Episode-82- Winter is for Gardening Part Two — 4 Comments

  1. If you live in the south and want to keep your greenhouse warm during those few below freezing days do this.

    Get yourself 1, 2, or 3 (depending on the size of your greenhouse) 55 gallon metal drums. Fill them with water and paint them black. Place them in your greenhouse so that during the day the sun shines directly on them.

    Water loses heat much slower than air. So at night they radiate heat into your greenhouse all night long. And they store the heat during the day.

    Now this fails if you have a day with significant cloud cover. But its vastly cheaper than a heater for the bulk of winter days/nights.

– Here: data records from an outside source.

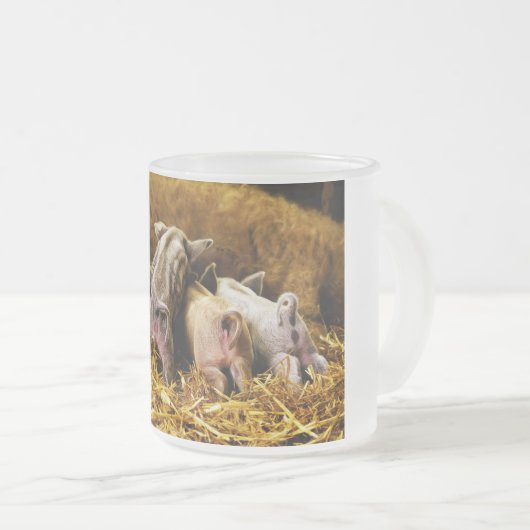 お尻を示しているベビーのコブタのMangalitsaの4台のブタ フロストグラスマグカップ (正面右)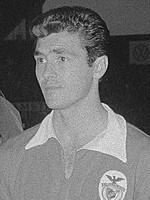 Jose Aguas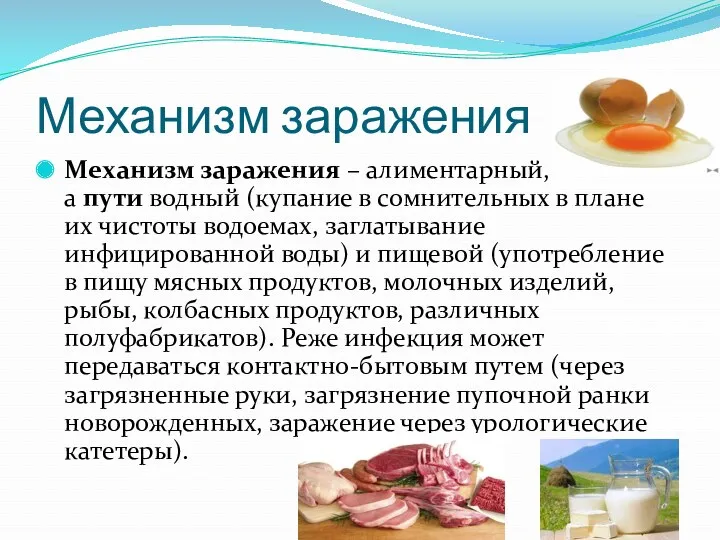 Механизм заражения Механизм заражения – алиментарный, а пути водный (купание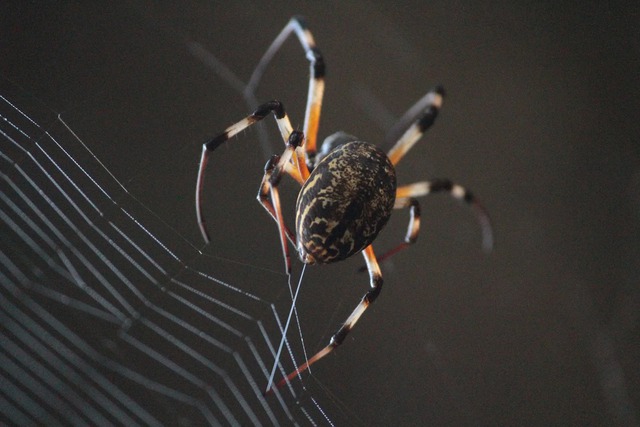 Khả năng "siêu phàm" của tơ nhện có thể dậy sóng ngành vật liệu máy bay nhẹ hơn và bền hơn - Ảnh 2.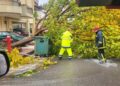Λ. Αλεξανδρίδης: Η κακοκαιρία δεν άφησε «πληγές» στον τόπο μας. Συγχαρητήρια σε όλους τους υπαλλήλους και τους αντιδημάρχους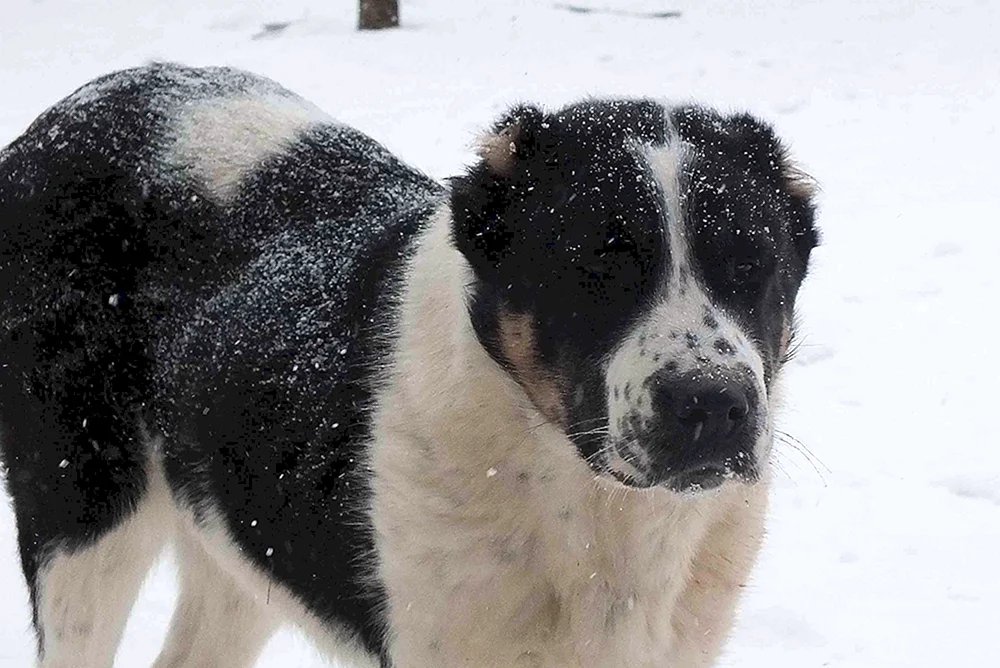 Mittelasiatischer Schäferhund alabai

  2. Enjoyed todays pod cast on winter gardening an all.. it was an is an good Idea to do as todays times are definetly unstable, an we know not what the future may hold for us in that regard… Gardening is one of my favorite things I enjoy doing, thanks as you now got me thinking of building an greenhouse to putter around in an get plants growning for this next spring ahead of time….. by the way I am enjoying your podcasts greatly… ewver do one on foraging for food through fishing, hunting and wild plants an such?

  3. Last weekend I double dug my 2 main raised beds. Next beds I build will be a max of 3-4 feet as you found. It’s hard to streeeeeetch to the middle…

  4. Listening to this podcast now. The whole winter-gardening theme is great. However, quick correction: I just heard Jack mention that larger greenhouses are harder to keep above freezing overnight in the winter. It’s actually just the opposite; larger greenhouses hold their heat better. The volume of warm air within the greenhouse increases faster than the surface area of the greenhouse walls, as the house dimensions increase. Now, keeping them warm with supplemental heat, that is harder, but they will hold the heat longer and better overnight.